**DATA FOR THIS TASK:**
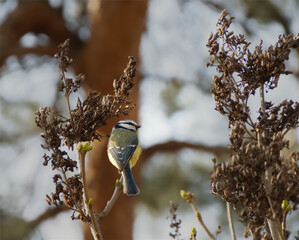 Sikora modraszka zwyczajna © Filip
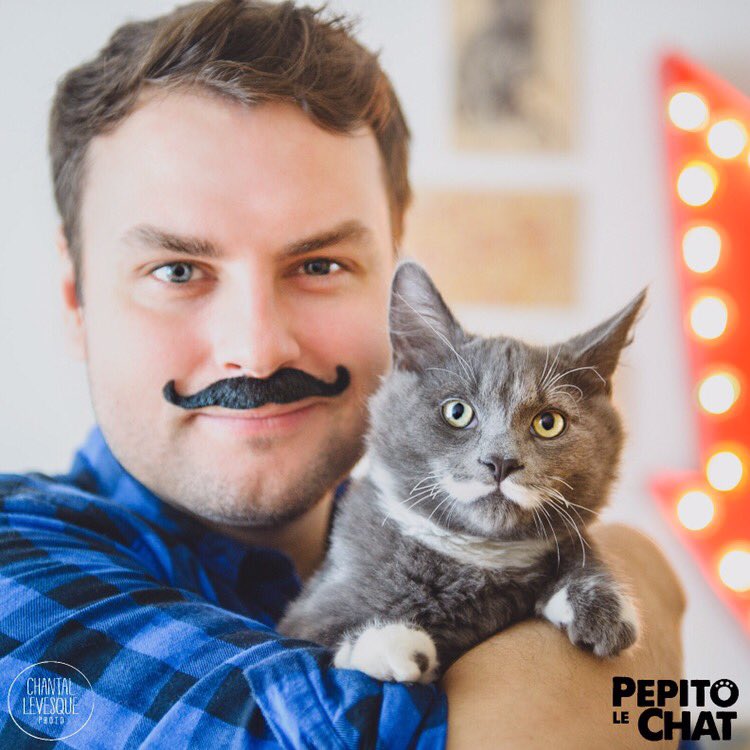 Pepito le Chat tweet media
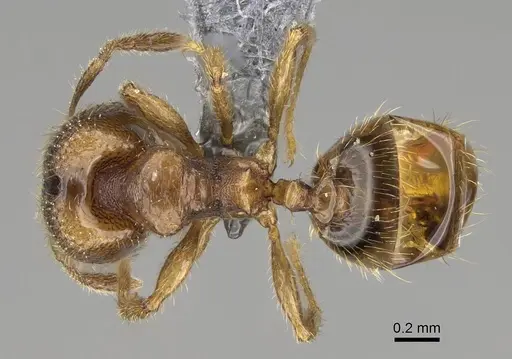 Pheidole beloceps specimen CASENT0807788 image casent0807788_1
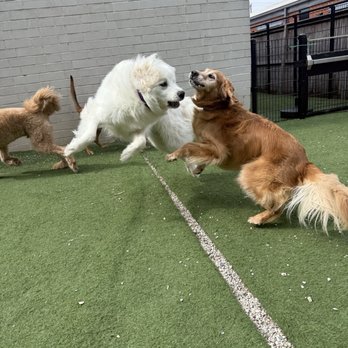 Skiptown - And more playing! - Dog Parks Near Me - Charlotte, North Carolina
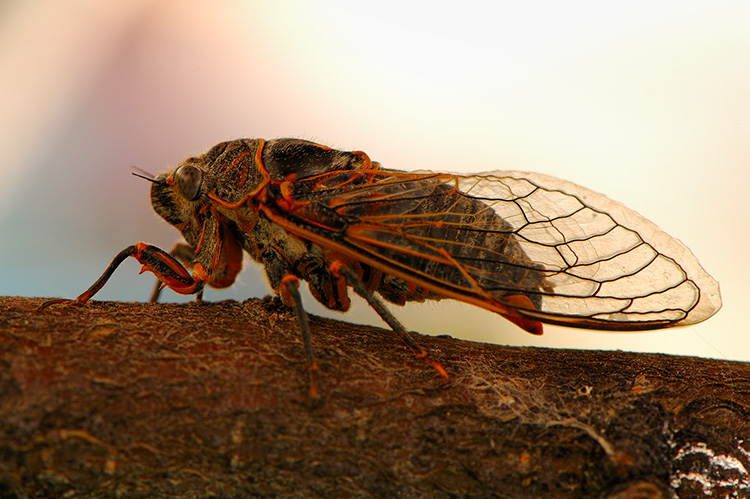 ApacheCicada_X5536r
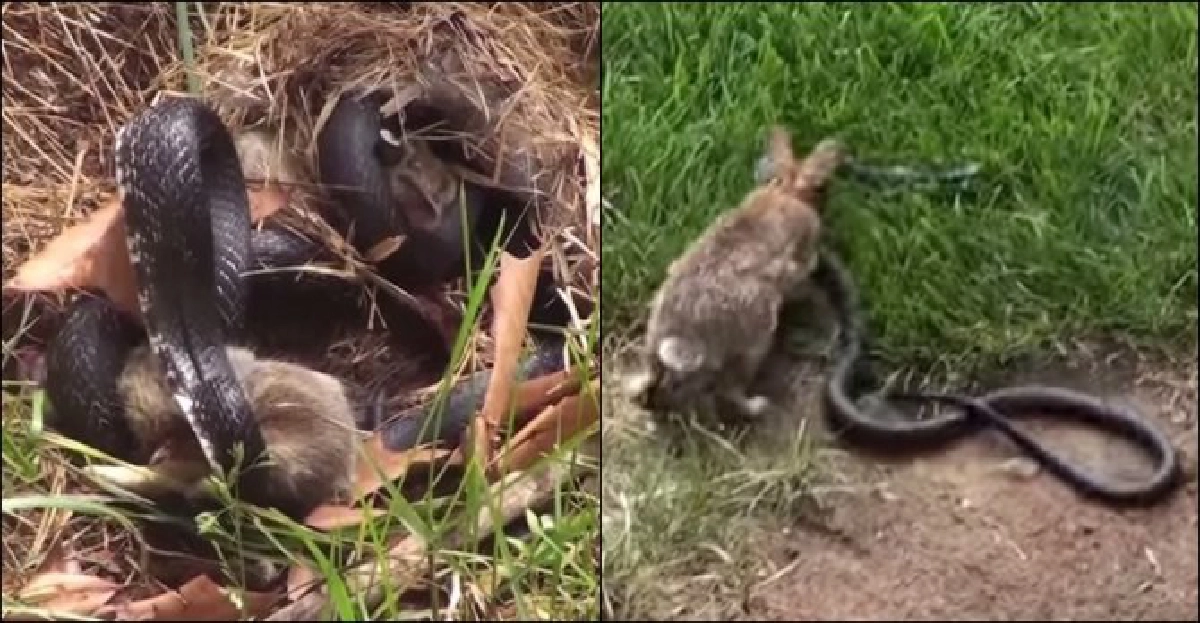 สู้สุดใจ!แม่กระต่ายช่วยลูกถูกงูรัด สู้สุดใจ!แม่กระต่ายช่วยลูกถูกงูรัด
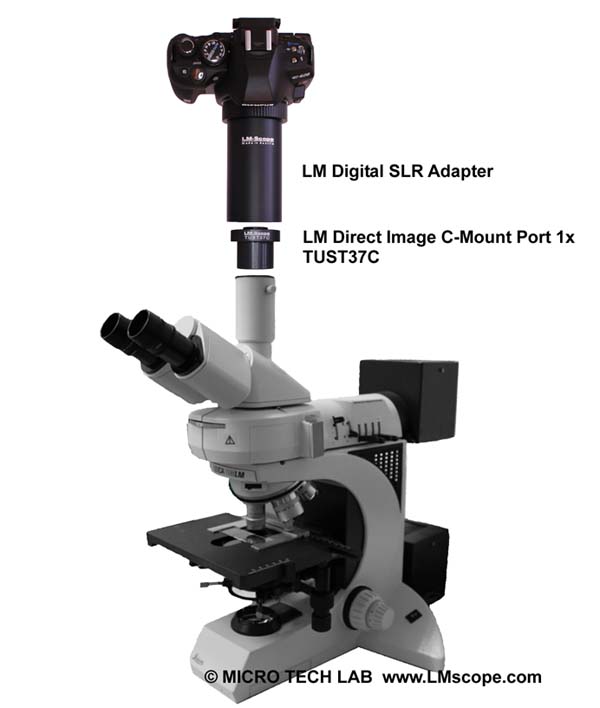 microscope Leica à phototube  trinoculaire, port monture C et adaptateur LM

**REQUIRED ACTION:** Each line of the listing must be restated word for word, and the pictures left out.

**ANSWER TO THIS TASK:**
 Sikora modraszka zwyczajna © Filip
 Pepito le Chat tweet media
 Pheidole beloceps specimen CASENT0807788 image casent0807788_1
 Skiptown - And more playing! - Dog Parks Near Me - Charlotte, North Carolina
 ApacheCicada_X5536r
 สู้สุดใจ!แม่กระต่ายช่วยลูกถูกงูรัด สู้สุดใจ!แม่กระต่ายช่วยลูกถูกงูรัด
 microscope Leica à phototube  trinoculaire, port monture C et adaptateur LM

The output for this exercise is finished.